Tobin disparó primero, el rifle escupiendo una ráfaga corta. Un hereje cayó, pero otro tomó su lugar al instante. Elias apuntó, el cañón temblándole en las manos, y disparó. El retroceso le sacudió el hombro, pero no vio si había acertado. No había tiempo. Los herejes estaban a treinta metros, otro disparo y otro y luego otro, algunos caian otros seguian andando como si los proyectiles no les afectaran. Ya estaban a veinte metros. Una granada estalló cerca, lanzando un chorro de sangre y metal. Alguien gritó, un sonido agudo y roto que se apagó rápido.

"¡Cierren filas!" rugió Varn, pero la línea ya era un desastre. Elias recargó, los dedos torpes, el cerrojo atascándose por el lodo. Tobin blandió su maza de trinchera, un palo con clavos oxidados, y se lanzó contra un hereje que había saltado al foso. El impacto fue brutal: el cráneo del enemigo cedió con un crujido húmedo, pero el hereje lo arrastró consigo, aplastándolo contra el suelo. Elias disparó de nuevo, el proyectil rebotando en la armadura de otro atacante. El aire apestaba a azufre y carne quemada.

Un gigante envuelto en placas negras avanzó hacia él, un Ungido, sus ojos brillando como brasas. Elias retrocedió, tropezando con un cadáver, y levantó el rifle como escudo. El hereje descargó un mandoble que partió el arma en dos, la hoja rozándole el brazo. El dolor llegó después, un fuego líquido que le subió hasta el hombro. Gritó, más por rabia que por miedo, y desenvainó su bayoneta. Se lanzó contra el hueco bajo el yelmo del Ungido, buscando la carne expuesta. La hoja se hundió, caliente y pegajosa, y el gigante se tambaleó, pero no cayó. Un puño lo golpeó, lanzándolo contra la pared de la trinchera. El mundo se volvió borroso.

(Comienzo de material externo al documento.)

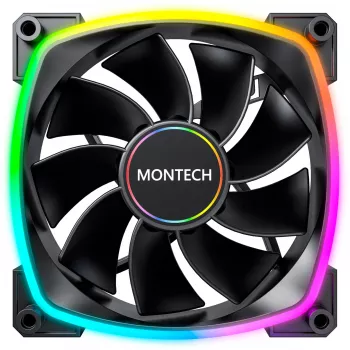 MONTECH RX140 PWM 140 mm ARGB Reverse Blade korpuso ventiliatorius - juodas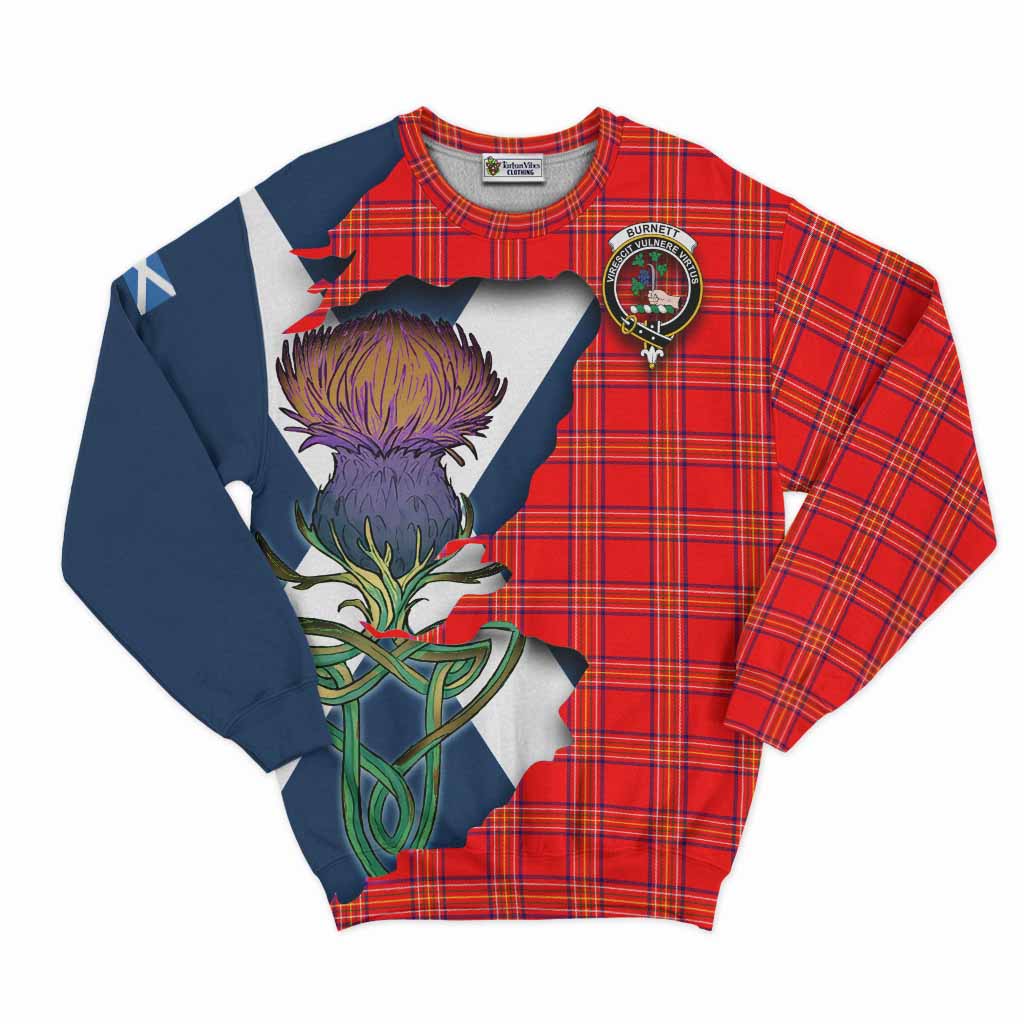 Tartan Vibes Clothing Burnett Tartan Family Crest Sweatshirt Scottish Thistle Celtic Inspired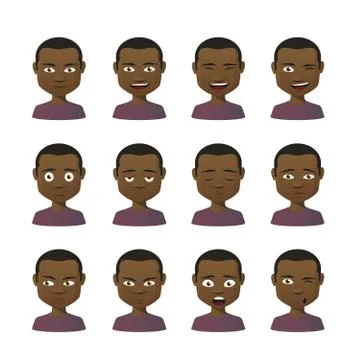 Male avatar expression set Stock Illustration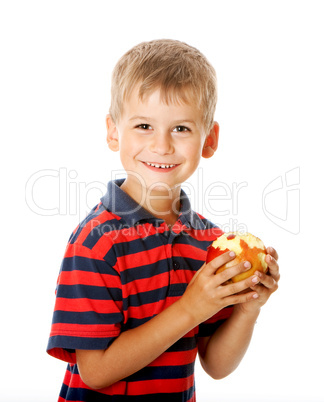 Boy holding an apple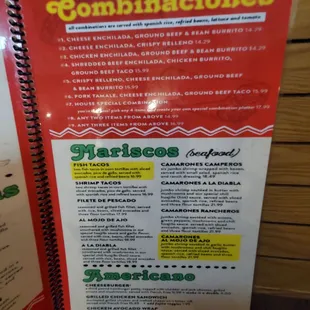 menu, tacos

Cuando recuperó el aliento, el Ungido estaba muerto, la bayoneta aún clavada en su cuello. Tobin yacía a pocos metros, inmóvil, la maza caída junto a su mano abierta. Los disparos se apagaban, el combate reduciéndose a jadeos y gemidos. Elias encontró una pistola en el fondo de la trinchera y la agarró con la mano sana, perdida por algun compañero caido en combate, se arrastró hasta el parapeto, el brazo sangrando, el cuerpo temblando. Vació el cargador mas por rabia que intención de matar, ni siquiera sabia si le habia dado a algo. Los herejes se retiraban, dejando cuerpos retorcidos tras de sí. No era una victoria. Solo un respiro.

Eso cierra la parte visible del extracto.